Si les chutes ont alimenté le mythe Arenberg, les organisateurs n'ont cessé d'améliorer la sécurité sur le secteur. En 1997, des barrières sont installées sur l’un des côtés du chemin pour contenir les spectateurs, entre 5 000 et 10 000 chaque année. Depuis, il est impossible de rouler sur la bande de terre, seuls les pavés sont accessibles.

La restauration et le nettoyage des secteurs, dont celui d'Arenberg, sont assurés par l’association Les Amis du Paris-Roubaix, créée en 1977, en lien avec la direction de course. Depuis une vingtaine d’années, des bénévoles œuvrent en collaboration avec deux lycées horticoles du Nord pour retaper les pavés. Trois semaines avant l’épreuve, ils sont environ une centaine d’élèves à s’y atteler. François Doulcier explique également être "en train de bâtir un nouveau plan d'entretien" de la trouée. Au programme : un désherbage mécanique tous les trois ans en plus du passage d’une balayeuse trois fois dans l’année.

La trouée, une sélection naturelle

Si la trouée n’est pas jugée "vitale sportivement", parce que située trop loin de l’arrivée (environ 95 km), elle prend une place primordiale dans la course. Gilbert Duclos-Lassalle, double vainqueur de l’épreuve (1992-1994), lui attribue un rôle de "révélateur". "Après la trouée, on sait qui fera le final de la course ou non, affirme le Béarnais préféré des Nordistes. Si on en sort marqué au fer rouge, on ne peut pas gagner."

"La tranchée est sélective, voire éliminatoire, abonde François Doulcier, en fin connaisseur de la course. Plusieurs coureurs se détachent après Arenberg, il vaut mieux être dans les deux premiers groupes." La bataille du placement se fait aussi en amont des pavés. "Quand on voit l’église de Wallers, il faut être bien placé, note Duclos Lassalle. C’est là que la guerre entre les favoris commence."

Quand il arrive sur la tranchée, le peloton est lancé comme un boulet de canon. "Dans Wallers, la route est légèrement descendante, le coureurs roulent à 60 km/h, indique François Doulcier. Mais sur les pavés ils finissent à 30-35 km/h." Bien souvent, à ce moment, le peloton explose, comme une nuée d’oiseaux se disperse sous l’effet d’une détonation. Spectacle assuré.

L'écran, faiseur de légende

La télévision a sublimé ces images de corps violentés, cahotant sur les pavés. Ces visages maculés de boue, si prompts à marquer la rétine du téléspectateur. Pour mettre en valeur cette esthétique, dans les années 1990-2000, France Télévisions, diffuseur officiel du Paris-Roubaix, déployait un dispositif unique et colossal au niveau de la tranchée. Un car régie complet - avec trois à quatre caméras - effectuait un décrochage d’antenne au moment du passage du peloton de tête. "C’était un choix artistique", croit savoir Christophe Barrier, l’actuel directeur de production de la chaîne publique.

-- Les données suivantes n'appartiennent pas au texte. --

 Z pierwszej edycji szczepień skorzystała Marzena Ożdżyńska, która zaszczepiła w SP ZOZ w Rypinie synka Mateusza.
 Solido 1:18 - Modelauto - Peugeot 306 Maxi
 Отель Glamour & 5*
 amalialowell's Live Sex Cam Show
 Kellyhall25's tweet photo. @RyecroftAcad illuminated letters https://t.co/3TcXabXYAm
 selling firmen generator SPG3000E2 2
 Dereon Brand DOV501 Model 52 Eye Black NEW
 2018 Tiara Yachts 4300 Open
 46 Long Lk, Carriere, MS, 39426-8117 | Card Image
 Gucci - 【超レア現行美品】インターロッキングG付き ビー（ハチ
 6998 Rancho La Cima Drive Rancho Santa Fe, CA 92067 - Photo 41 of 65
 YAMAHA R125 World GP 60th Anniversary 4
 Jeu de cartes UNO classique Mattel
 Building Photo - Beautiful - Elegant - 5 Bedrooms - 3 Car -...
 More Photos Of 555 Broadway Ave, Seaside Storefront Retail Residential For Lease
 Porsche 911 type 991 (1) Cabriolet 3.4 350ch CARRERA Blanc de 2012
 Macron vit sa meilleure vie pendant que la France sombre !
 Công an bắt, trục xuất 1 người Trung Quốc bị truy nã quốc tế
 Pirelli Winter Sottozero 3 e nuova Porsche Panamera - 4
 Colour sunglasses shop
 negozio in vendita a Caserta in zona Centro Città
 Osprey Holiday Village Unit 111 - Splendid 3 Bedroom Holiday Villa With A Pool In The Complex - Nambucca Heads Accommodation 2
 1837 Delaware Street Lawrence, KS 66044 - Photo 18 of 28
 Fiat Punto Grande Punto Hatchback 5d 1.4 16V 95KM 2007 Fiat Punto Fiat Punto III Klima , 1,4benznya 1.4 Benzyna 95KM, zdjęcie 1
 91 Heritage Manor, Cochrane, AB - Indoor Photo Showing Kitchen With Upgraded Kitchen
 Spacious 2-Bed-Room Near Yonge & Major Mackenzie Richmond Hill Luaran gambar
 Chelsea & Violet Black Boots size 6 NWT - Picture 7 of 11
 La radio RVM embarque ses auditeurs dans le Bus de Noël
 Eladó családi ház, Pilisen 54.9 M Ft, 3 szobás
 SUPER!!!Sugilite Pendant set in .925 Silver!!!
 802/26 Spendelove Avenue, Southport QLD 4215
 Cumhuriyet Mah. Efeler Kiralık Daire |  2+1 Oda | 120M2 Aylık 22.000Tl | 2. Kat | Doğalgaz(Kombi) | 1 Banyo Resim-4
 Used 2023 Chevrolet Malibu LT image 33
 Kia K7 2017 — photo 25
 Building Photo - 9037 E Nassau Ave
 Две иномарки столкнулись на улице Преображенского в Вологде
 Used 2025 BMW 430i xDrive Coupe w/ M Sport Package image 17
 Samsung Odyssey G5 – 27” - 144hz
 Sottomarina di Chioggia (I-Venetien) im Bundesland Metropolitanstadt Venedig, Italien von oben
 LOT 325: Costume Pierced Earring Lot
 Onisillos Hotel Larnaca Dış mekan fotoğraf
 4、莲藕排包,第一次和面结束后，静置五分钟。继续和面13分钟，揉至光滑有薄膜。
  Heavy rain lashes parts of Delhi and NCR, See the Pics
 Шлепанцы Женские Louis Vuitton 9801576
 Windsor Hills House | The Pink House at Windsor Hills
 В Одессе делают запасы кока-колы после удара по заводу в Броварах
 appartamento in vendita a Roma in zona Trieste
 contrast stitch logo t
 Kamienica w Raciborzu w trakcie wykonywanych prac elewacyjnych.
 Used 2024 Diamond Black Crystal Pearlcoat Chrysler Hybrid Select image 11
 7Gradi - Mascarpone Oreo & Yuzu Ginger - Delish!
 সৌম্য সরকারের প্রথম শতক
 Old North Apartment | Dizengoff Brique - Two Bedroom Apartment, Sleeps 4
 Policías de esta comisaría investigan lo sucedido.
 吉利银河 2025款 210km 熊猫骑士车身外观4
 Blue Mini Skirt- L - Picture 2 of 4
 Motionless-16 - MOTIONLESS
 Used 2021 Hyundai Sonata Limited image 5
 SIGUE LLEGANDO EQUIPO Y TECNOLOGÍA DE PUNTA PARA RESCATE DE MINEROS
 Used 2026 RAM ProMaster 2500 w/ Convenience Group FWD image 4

Le dispositif a ensuite laissé place à une caméra longue focale placée sur une nacelle, montrant l’image d’un peloton fendre la forêt dans la poussière. "Mais les gens ont commencé à se placer devant la caméra, relate le producteur. Les dernières fois, on a été gêné par des drapeaux nationalistes flamands, des publicités clandestines ou encore des pancartes pour la Manif pour tous." Les images d’hélicoptères - stabilisées avec le temps - et les motards font désormais le travail.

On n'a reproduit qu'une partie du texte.